Streams are defined statically in a TOML config file loaded at startup. For each stream, the backend spawns its own player task that decodes Opus audio, re-encodes it to normalize frame sizes, and broadcasts frames to all HTTP clients listening on that stream. A 3-second buffer per stream lets new clients join mid-stream without waiting for the next frame.
The frontend has three views:
- Stream picker at
/— lists all configured streams, click one to listen. - Player at
/listen/<id>— plays the chosen stream with artwork, title, and a circular progress ring. Shows aPAUSEDbadge when the admin has paused it. - Admin at
/admin— password login, then a dashboard to skip / pause / resume / rename each stream.
Streams live in a TOML file passed via --config:
default_stream = "main"
[[stream]]
id = "main"
name = "Main Station"
playlist = "/path/to/main/playlist"
[[stream]]
id = "chill"
name = "Chill Vibes"
playlist = "/path/to/chill/playlist"id is the URL-stable identifier; name is the display name (editable by admin and persisted back to the file). See streams.example.toml. The file must be writable for admin renames to persist.

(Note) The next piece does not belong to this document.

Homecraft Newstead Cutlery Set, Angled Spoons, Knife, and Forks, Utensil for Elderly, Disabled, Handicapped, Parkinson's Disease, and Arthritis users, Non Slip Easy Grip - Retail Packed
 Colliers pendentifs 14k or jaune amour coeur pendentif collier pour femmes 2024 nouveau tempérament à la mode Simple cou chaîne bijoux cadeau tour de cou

| Variable | Default | Description |
|---|---|---|
HTTP_PORT |
— | HTTP audio + admin API port |
WS_PORT |
— | WebSocket metadata port |
ADMIN_PASSWORD |
— | Shared password for the admin UI |
CONTROL_PIPE |
./control.fifo |
FIFO that writes route to the default stream (fallback / debugging) |
HTTP_PORT=9000 WS_PORT=9001 ADMIN_PASSWORD=secret \
cargo run --release -- --config streams.tomlEach stream starts playing its playlist immediately. To override the default stream's playlist on the fly:
echo "/path/to/other/music" > control.fifoA Lit + Vite + TailwindCSS web player.
cd web
npm install
npm run devPublic:
GET /streams— JSON list of streams (id,name,paused, currenttitle/author)GET /streams/{id}/audio— Ogg Opus audio stream for that streamGET /streams/{id}/playlist-image— Servesplaylist.jpgfrom that stream's playlist directory
Admin (cookie session from POST /admin/login):
POST /admin/login— body{ "password": "…" }→ sets theoctopus_admincookiePOST /admin/logout— clears the sessionGET /admin/streams— same as/streamsplus the playlist pathPOST /admin/streams/{id}/skip— skip the current trackPOST /admin/streams/{id}/pause— pause the stream (packet production halts; connected listeners stall until resume)POST /admin/streams/{id}/resume— resumePATCH /admin/streams/{id}— body{ "name": "…" }→ rename, persisted to the TOML
CORS responses echo the request Origin and set Access-Control-Allow-Credentials: true so the admin UI can send the session cookie from a different origin.
GET ws://…/streams/{id} upgrades to a WebSocket for that stream. Send "metadata" to receive current track info. The server also pushes metadata automatically when the track changes. Payload includes title, author, image, paused, stream_id, stream_name, and timing fields used by the frontend to drive the progress ring.
Place a playlist.jpg file in a stream's playlist directory and it will be served at /streams/{id}/playlist-image. The frontend hashes responses and only swaps the on-screen artwork when the bytes actually change, so it doesn't flicker between tracks on the same playlist.
A systemd service template is at deploy/octopus.service. Replace __DEPLOY_PATH__ with the binary location and install with:
cp deploy/octopus.service ~/.config/systemd/user/octopus.service
systemctl --user enable --now octopusThe service must be configured to pass --config <path> and set ADMIN_PASSWORD. The frontend uses pathname routing, so the static host (nginx, etc.) needs an SPA fallback to index.html for unknown paths.